Check the latest blog post from Microsoft’s Surface Team and you’ll see a compelling case for using the Surface 2 in the enterprise. The company suggests Surface 2 is the most productive tablet for business, in fact. And I can understand why: The device is relatively locked down, works with the Microsoft Office productivity suite and supports USB 3.0 peripherals. With the Windows 8.1 RT software update, Microsoft’s case is even stronger thanks to three highlighted features.
Ironically, they’re all features available on Google Chromebooks and Chromeboxes as well.
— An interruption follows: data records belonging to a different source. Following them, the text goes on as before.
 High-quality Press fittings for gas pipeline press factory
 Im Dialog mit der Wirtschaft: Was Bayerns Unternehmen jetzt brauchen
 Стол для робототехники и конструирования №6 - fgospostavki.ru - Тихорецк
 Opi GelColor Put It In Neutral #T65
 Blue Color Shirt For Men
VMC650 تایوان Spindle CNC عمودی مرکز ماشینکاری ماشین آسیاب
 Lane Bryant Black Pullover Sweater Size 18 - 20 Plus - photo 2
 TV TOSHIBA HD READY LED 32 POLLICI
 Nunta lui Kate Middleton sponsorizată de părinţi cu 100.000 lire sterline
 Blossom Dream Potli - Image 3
The Surface team pointed out these three features as the “top three” that make Surface 2 ready for the enterprise:
Remote Application Access. Surface 2 can remotely connect to another Windows computer so that users can access and use legacy Windows apps. These won’t run on Surface 2 natively because they’re built for x86 chips, not the ARM processors used for Surface 2. I agree with Microsoft: Since you can’t run older Windows apps on the device, this is a great feature for businesses.
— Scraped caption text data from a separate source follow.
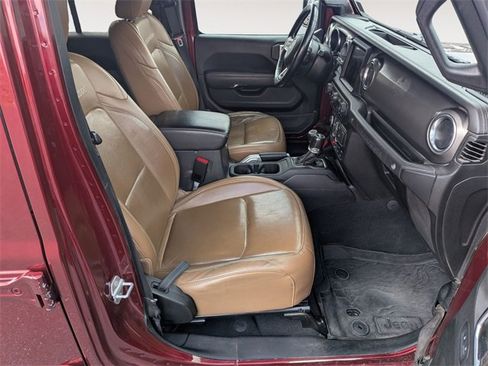 Certified 2021 Jeep Wrangler Unlimited Rubicon image 30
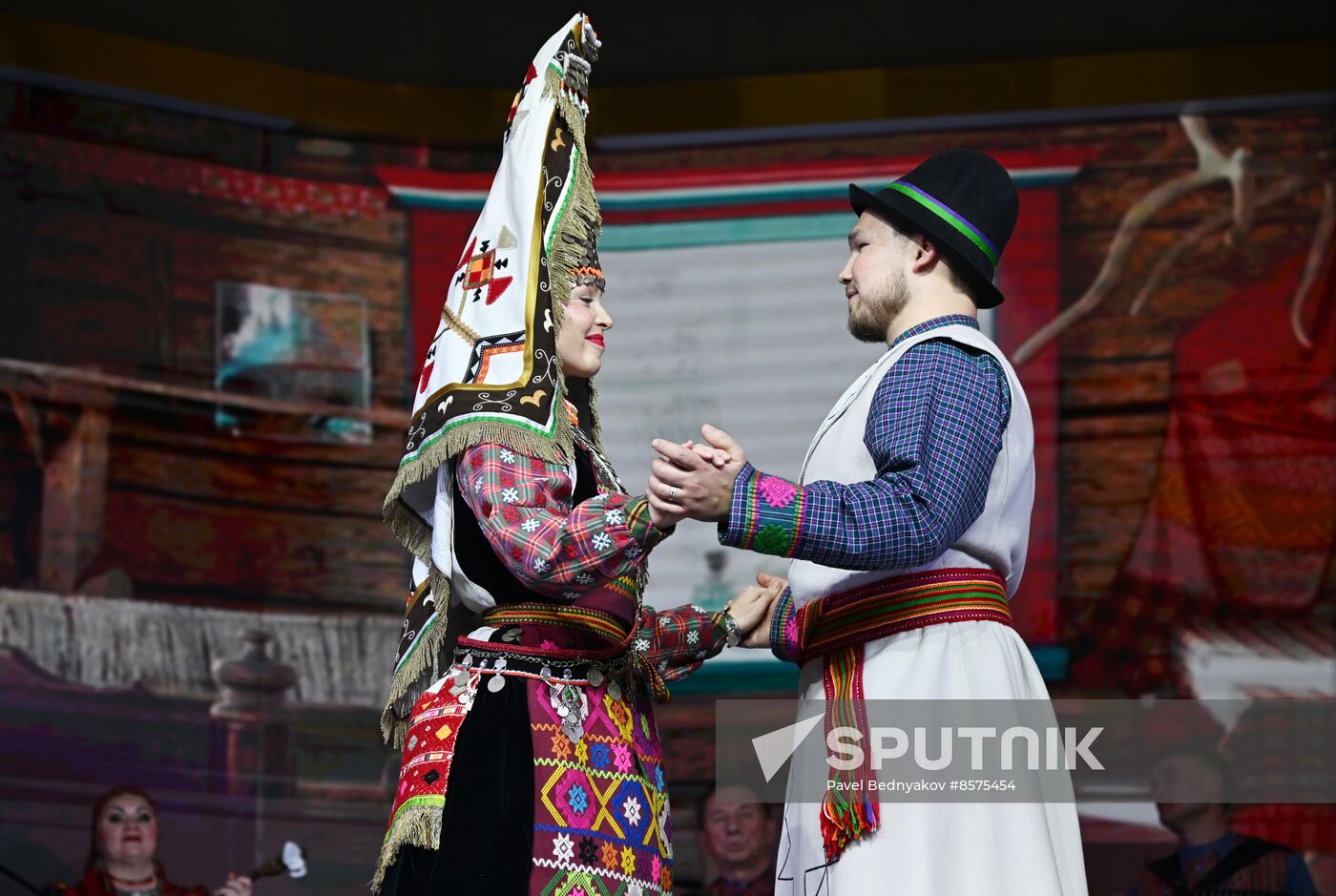 RUSSIA EXPO. Udmurtia Day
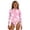 Multicolor#07, variant on AHTJRT Girls's Long Sleeve Rash Guard Swimsuit High Waist Crewneck One Piece Back Zipper Surfing Bodysuit Bathing Suits Multicolor#09 7-8 Years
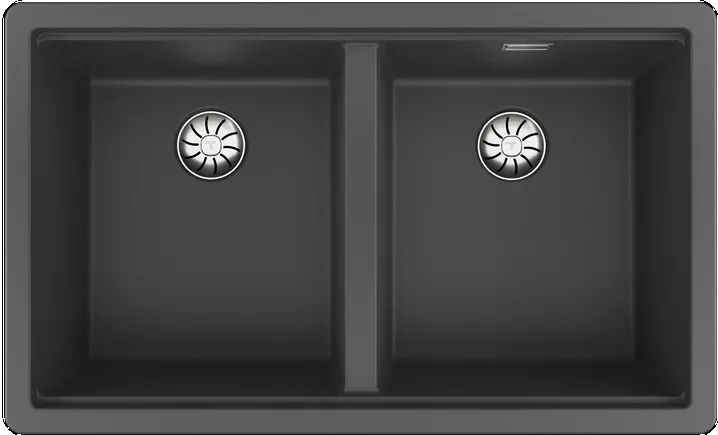 Детальное фото товара: Teka Radea R10 2B 750 M-TG, мойка, гранит, темный серый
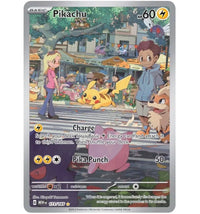 Pikachu 2023 Pokémon Scarlet & Violet 151 Special Illustration Rare 151/173 Ungraded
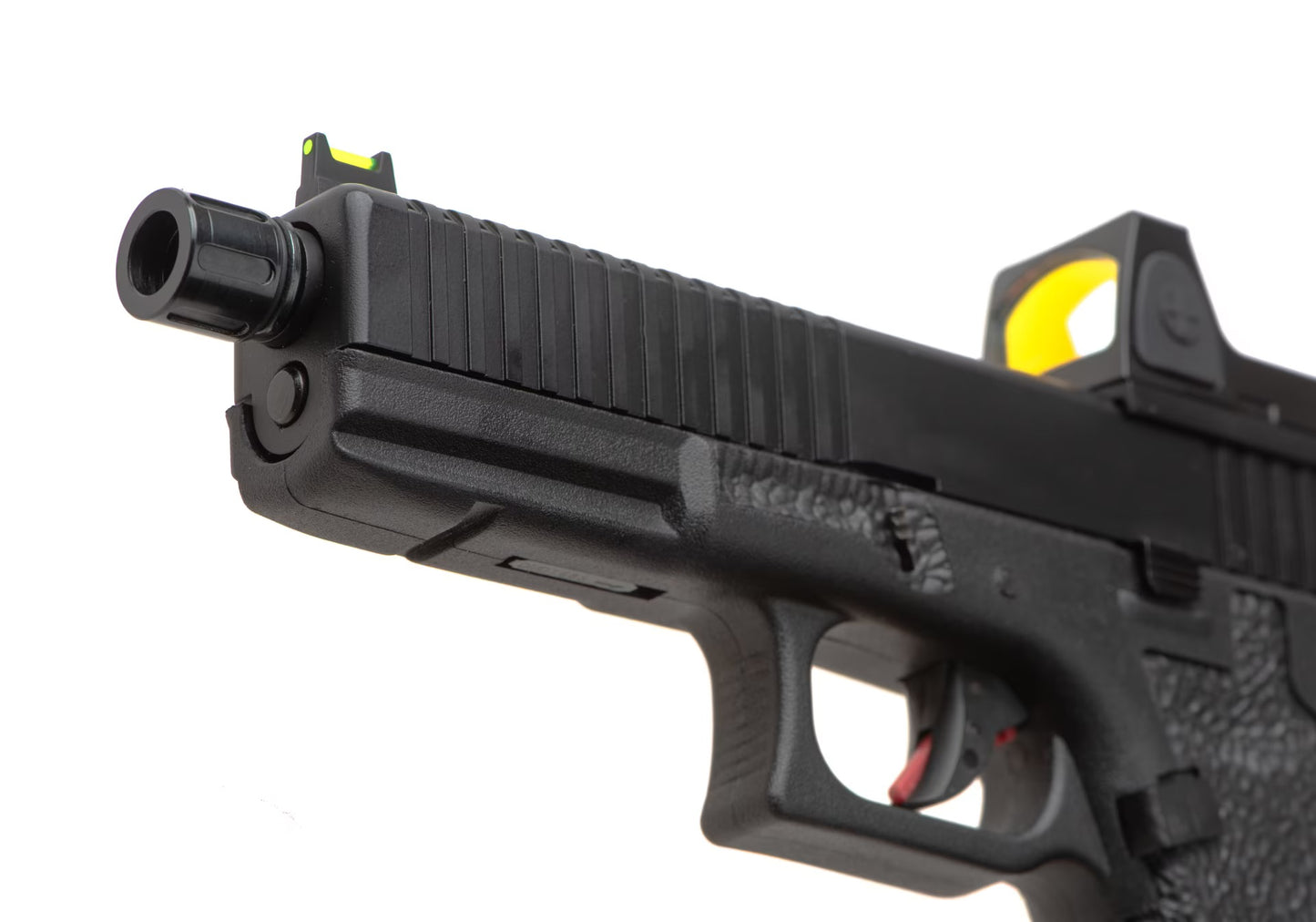 Vorsk EU7 + BDS GBB CHROME SCHWARZ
Data Access using work folders. Companies that deployed Windows Server 2012 R2 can create folders and workspaces that can be shared among Windows and Windows RT devices. And I.T. shops can centrally manage the storage.
Enhanced Manageability. The I.T. department also needs to manage devices and thanks to the Mobile Device Management (MDM) features supported by Windows RT 8.1, they can do so. MDM supports hardware and software inventory, device configuration, remote data wipes and more.
It turns out that Chrome OS supports the same features, often exactly replicating what the Surface 2 can do.
Microsoft’s shared workspaces can easily be replicated with Chromebooks and Google Drive storage. Granted this is a cloud approach vs. an in-house server storage model and not every enterprise can or will embrace it. But there’s little here that’s unique to Windows or Surface 2 as compared to a Chrome OS device.
Just like Microsoft does, Google offers a Chrome Management Console to I.T. shops that support Chrome OS. That’s what schools are using to deploy Chromebooks in the classroom because the feature set and control is robust enough to do the job: Inventory management, device configuration, app install blocking, user access, group profiles and more are included.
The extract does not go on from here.